● **Material for this exercise**:

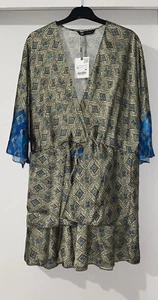ZARA MEHRFARBIGES SATIN MINI TUNIKA KLEID MIT GEOMETRISCHEM PRINT UND RÜSCHENSAUM GR XXL - Bild 1 von 10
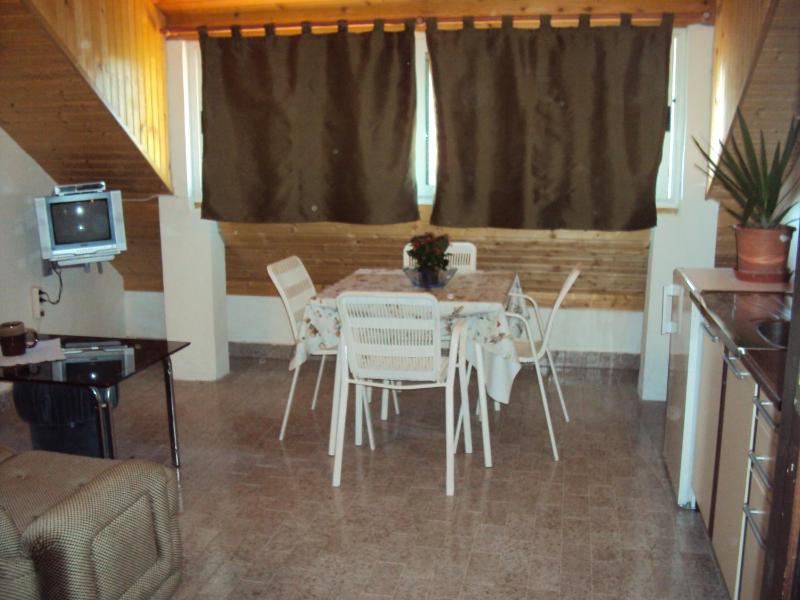 Studio (4 Adults) image 3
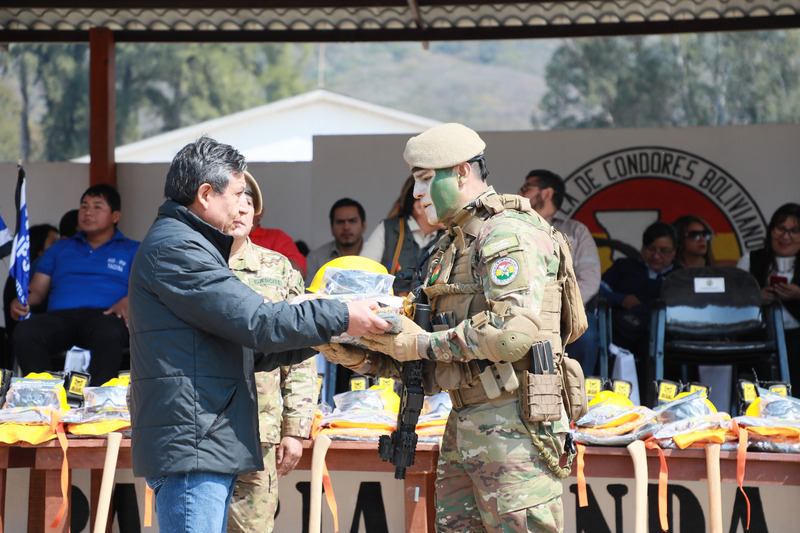 Choquehuanca entrega equipamiento y llama a la unidad contra los depredadores de la Madre Tierra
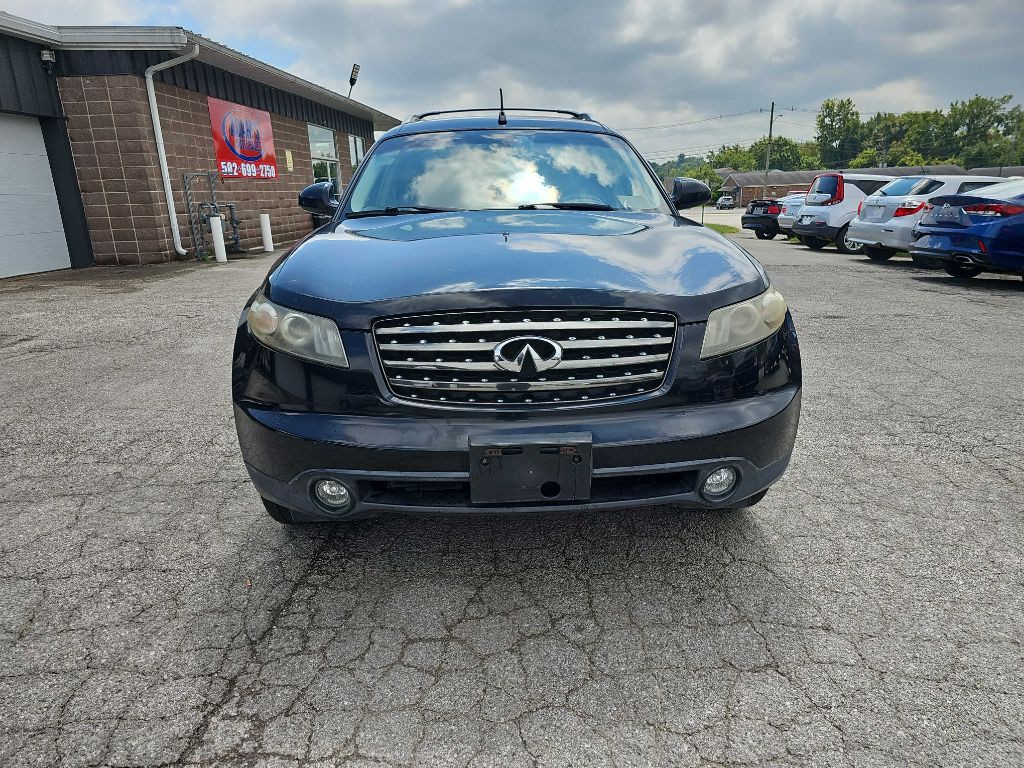 2005 INFINITI FX35 Image 2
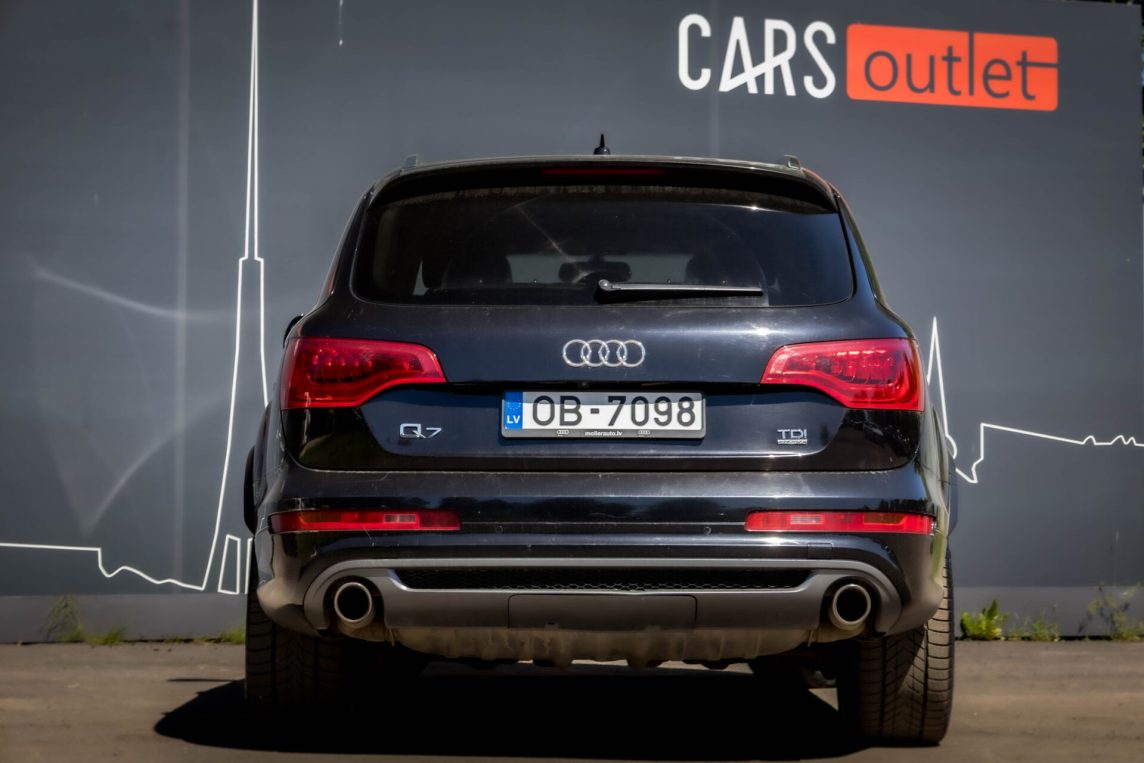 AUDI Q7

● **Exercise requirements**: Quote the records in full and exactly; skip any image.

● **Result**:
ZARA MEHRFARBIGES SATIN MINI TUNIKA KLEID MIT GEOMETRISCHEM PRINT UND RÜSCHENSAUM GR XXL - Bild 1 von 10
 Studio (4 Adults) image 3
 Choquehuanca entrega equipamiento y llama a la unidad contra los depredadores de la Madre Tierra
 2005 INFINITI FX35 Image 2
 AUDI Q7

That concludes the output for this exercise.